What the task asks:
A line containing "Steinschleuder" appears in the material below. Return exactly every line from the first through that one, and only those.
═══
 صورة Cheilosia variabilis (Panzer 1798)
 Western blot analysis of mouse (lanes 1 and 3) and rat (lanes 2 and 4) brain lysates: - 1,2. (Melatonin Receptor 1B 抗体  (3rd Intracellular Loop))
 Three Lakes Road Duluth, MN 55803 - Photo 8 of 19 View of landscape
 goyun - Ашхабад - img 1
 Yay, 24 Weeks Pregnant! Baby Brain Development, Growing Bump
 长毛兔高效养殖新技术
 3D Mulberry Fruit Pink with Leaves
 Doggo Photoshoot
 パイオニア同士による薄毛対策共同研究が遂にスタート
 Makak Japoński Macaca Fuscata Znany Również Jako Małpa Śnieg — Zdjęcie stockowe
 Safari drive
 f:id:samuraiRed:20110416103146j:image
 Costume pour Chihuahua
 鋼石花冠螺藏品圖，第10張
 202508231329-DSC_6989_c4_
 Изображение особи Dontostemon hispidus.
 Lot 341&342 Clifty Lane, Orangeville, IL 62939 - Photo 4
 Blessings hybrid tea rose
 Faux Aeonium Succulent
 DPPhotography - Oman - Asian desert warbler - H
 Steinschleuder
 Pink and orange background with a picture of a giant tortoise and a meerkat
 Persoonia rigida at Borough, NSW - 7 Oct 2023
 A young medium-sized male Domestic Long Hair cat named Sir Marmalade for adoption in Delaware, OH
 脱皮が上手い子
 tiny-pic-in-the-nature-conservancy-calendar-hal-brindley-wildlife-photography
═══
Written reply:
 صورة Cheilosia variabilis (Panzer 1798)
 Western blot analysis of mouse (lanes 1 and 3) and rat (lanes 2 and 4) brain lysates: - 1,2. (Melatonin Receptor 1B 抗体  (3rd Intracellular Loop))
 Three Lakes Road Duluth, MN 55803 - Photo 8 of 19 View of landscape
 goyun - Ашхабад - img 1
 Yay, 24 Weeks Pregnant! Baby Brain Development, Growing Bump
 长毛兔高效养殖新技术
 3D Mulberry Fruit Pink with Leaves
 Doggo Photoshoot
 パイオニア同士による薄毛対策共同研究が遂にスタート
 Makak Japoński Macaca Fuscata Znany Również Jako Małpa Śnieg — Zdjęcie stockowe
 Safari drive
 f:id:samuraiRed:20110416103146j:image
 Costume pour Chihuahua
 鋼石花冠螺藏品圖，第10張
 202508231329-DSC_6989_c4_
 Изображение особи Dontostemon hispidus.
 Lot 341&342 Clifty Lane, Orangeville, IL 62939 - Photo 4
 Blessings hybrid tea rose
 Faux Aeonium Succulent
 DPPhotography - Oman - Asian desert warbler - H
 Steinschleuder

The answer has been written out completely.